Son second mandat pourrait être tout aussi déconcertant. Euronews jette un coup d'œil aux principaux défis qui l'attendent.

1. Il a besoin d'une majorité à l'Assemblée

Tout d'abord, le président a besoin d'un nouveau gouvernement majoritaire. Les électeurs français sont de nouveau appelés aux urnes en juin lors d'élections législatives. En 2017, Emmanuel Macron avait remporté une victoire écrasante suite à son succès présidentiel face à une opposition démoralisée, notamment au sein de la gauche et de la droite traditionnelles.

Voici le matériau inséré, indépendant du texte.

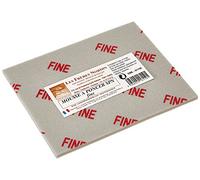 I fratelli Nordin 416119 schiuma a levigare sottile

Cette fois-ci, il devra faire face à un défi de taille alors qu'il se retrouve confronté au mouvement de gauche, l'Union Populaire de Jean-Luc Mélenchon qui a terminé en troisième position lors du premier tour du scrutin présidentiel. Son dirigeant se projette déjà dans la bataille législative qui s'annonce, en mettant au défi le président de le nommer Premier ministre, anticipant un large score de son mouvement en juin.

Mais Emmanuel Macron pourrait tirer profit du processus électoral. Au second tour des législatives, les candidats qui le soutiennent pourraient bénéficier selon un mécanisme similaire observé lors de la présidentielle, d'un report de voix des électeurs du centre-droit et du centre-gauche qui au premier tour, pourraient avoir donné leur voix à d'autres formations.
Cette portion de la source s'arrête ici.